1.  No sonographic evidence of ovarian torsion. 

2.  2.3 cm complex left ovarian cyst with internal septations. 

3.  Small pelvic free fluid. 

Assessment: 

26 year old female with a past medical history of GERD presents with 4 days of left lower quadrant pain. Patient says she is also having 4 episodes of diarrhea. On exam, the patient is tender to her left lower quadrant. Labs and UA are unremarkable. Ultra sound shows a ovarian cyst. Abdominal pain is most likely due to gastroenteritis, rule out diverticulitis.  

Plan:  

-will do repeat labs 

-give patient a bolus of IV saline.  

– Will treat with Pepcid 20 mg IV, Toradol 15 mg IV, Zofran 4 mg IV, and Maalox 30 ml PO 

– advised to follow-up with OB/GYN as outpatient due to the ovarian cyst.  

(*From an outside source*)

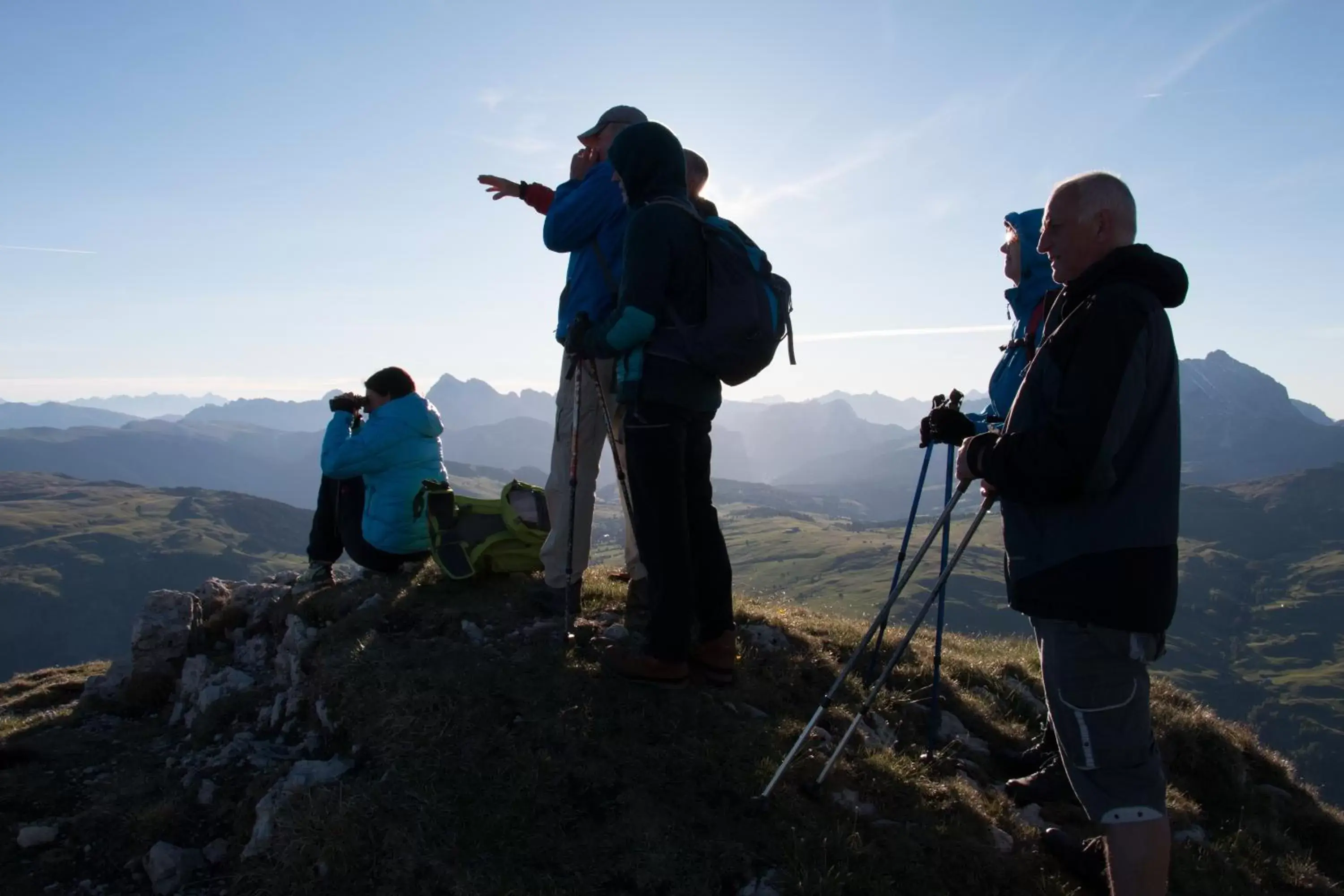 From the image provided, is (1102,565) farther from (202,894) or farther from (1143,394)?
(202,894)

-Patient informed to obtain repeat US in 6-8 weeks. 

-follow up with her PCP and return for any worsening of her symptoms.  

-Patient counseled on all findings, diagnosis and treatment plan. Patient’s questions and concerns addressed. Patient stable, discharged with instructions to follow up with PMD, and to return to ED at any time for worsening symptoms or any other concerns. Patient demonstrates proper understanding of the findings and the importance of appropriate follow up care 

Patient education:  

-Gastroenteritis is the inflammation of the gastrointestinal tract involving the stomach and intestines. It can be caused by viral infection, medication reaction, food allergy, food poisoning, or alcohol abuse. Symptoms include fatigue, lack of appetite, abdominal pain, nausea, vomiting, and diarrhea. The symptoms are often brief and can resolve on their own. Ways to control symptoms include eating a bland diet, drinking enough fluids, and staying away from acidic foods. If symptoms worsen and progress it is important to be seen by the doctor to get proper imaging and lab work in order to rule out any serious diseases.